*** Supplied data ***
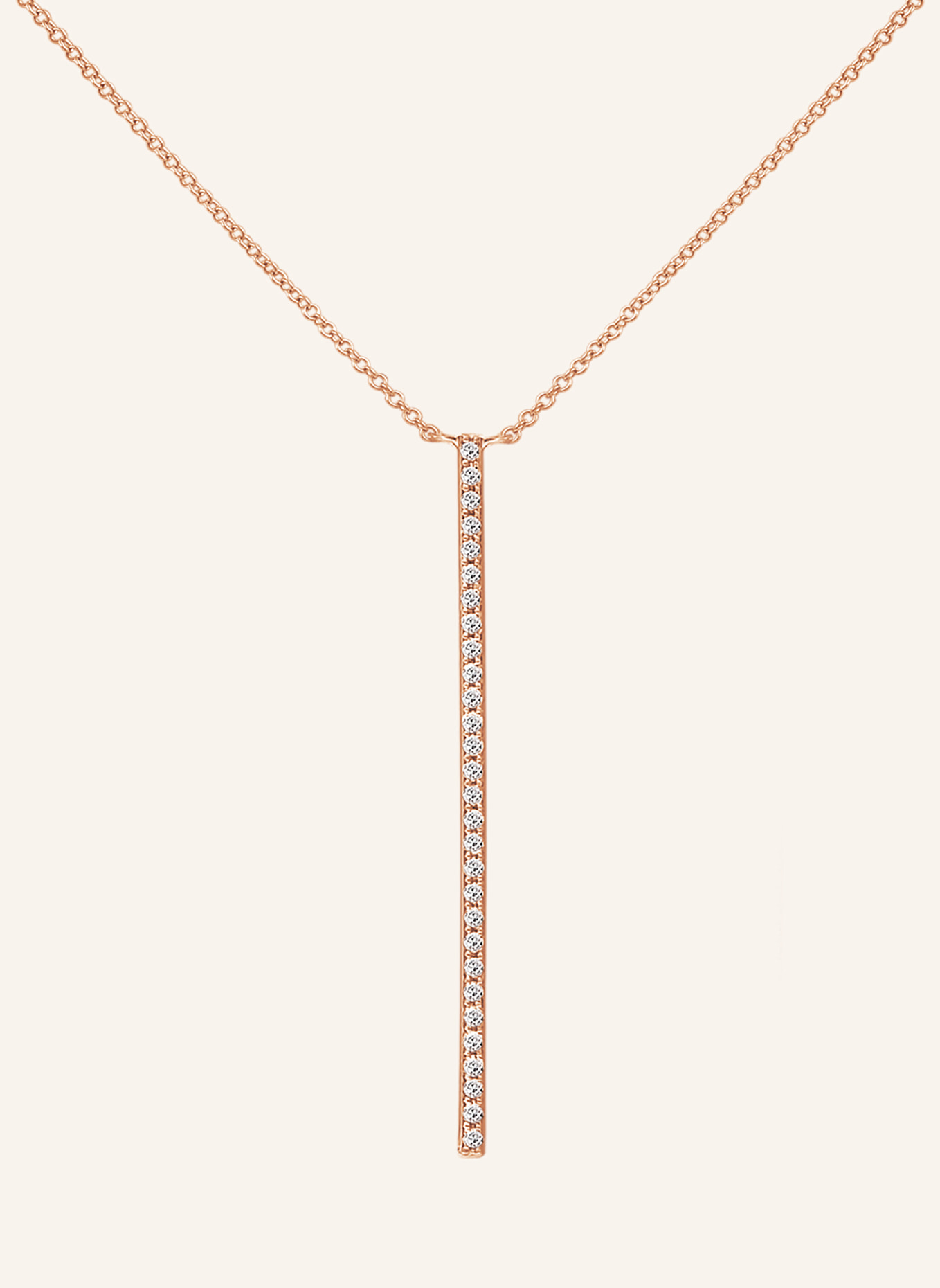 Leaf Halskette BAR aus 18 Karat Roségold mit Diamanten: ROSÉGOLD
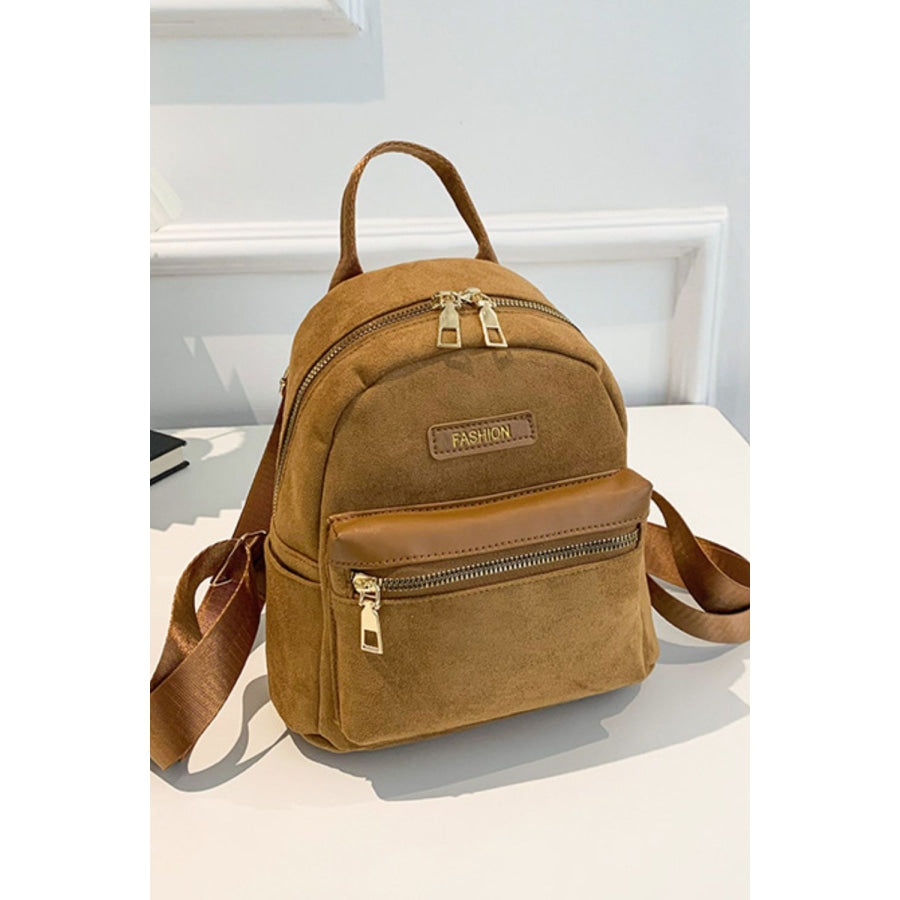 Suede Adjustable Strap Backpack Bag Caramel / One Size Apparel and Accessories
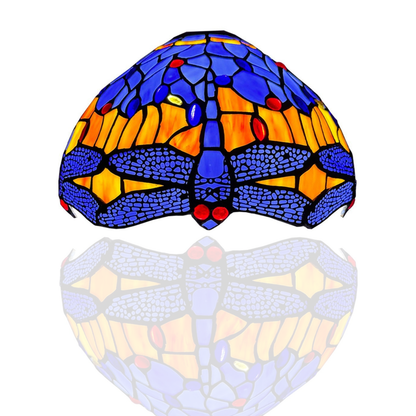 Auroh Tiffany lamp shade 10 inch SH10-1002 blue and amber sunset dragonfly stained glass 3-in-1 fitting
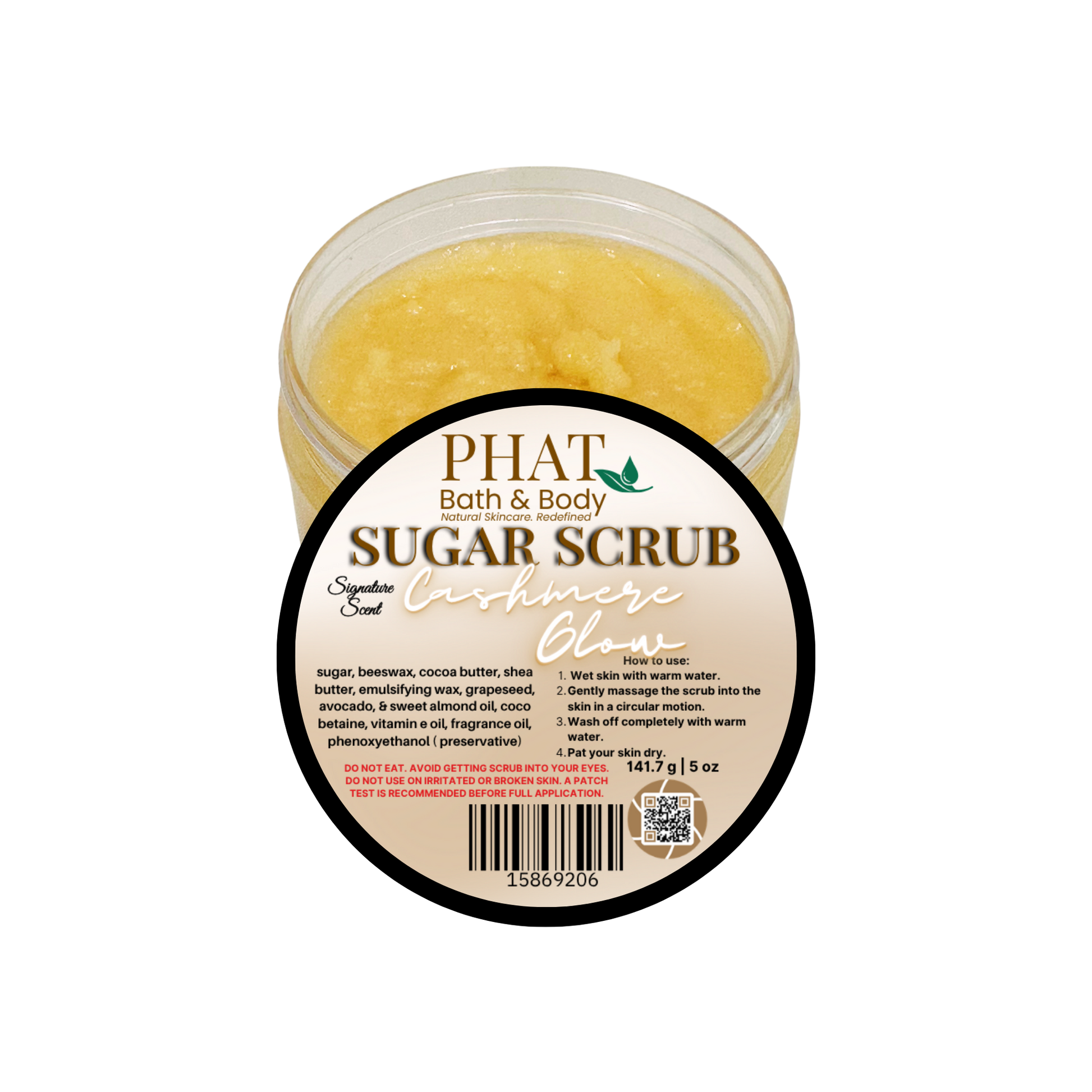 Jar of Phat Bath & Body sugar scrub with a white background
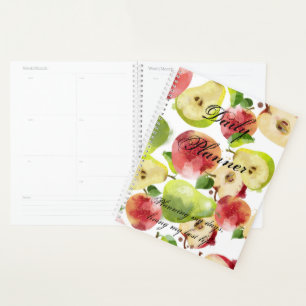 Agenda Acuarela Manzanas Otoño Planner Diario / Diario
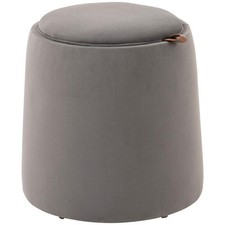 POUF CONTENITORE IN VELLUTO 2 IN 1 CONVERTIBILE IN TAVOLINO Ø44X47.5CM GRIGIO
*** End of Supplied data ***
→ Exercise directions
Restate the preceding entries in full, word for word, with the pictures removed.

→ Answer to this problem
 Leaf Halskette BAR aus 18 Karat Roségold mit Diamanten: ROSÉGOLD
 Suede Adjustable Strap Backpack Bag Caramel / One Size Apparel and Accessories
 Auroh Tiffany lamp shade 10 inch SH10-1002 blue and amber sunset dragonfly stained glass 3-in-1 fitting
 Jar of Phat Bath & Body sugar scrub with a white background
 Agenda Acuarela Manzanas Otoño Planner Diario / Diario
 POUF CONTENITORE IN VELLUTO 2 IN 1 CONVERTIBILE IN TAVOLINO Ø44X47.5CM GRIGIO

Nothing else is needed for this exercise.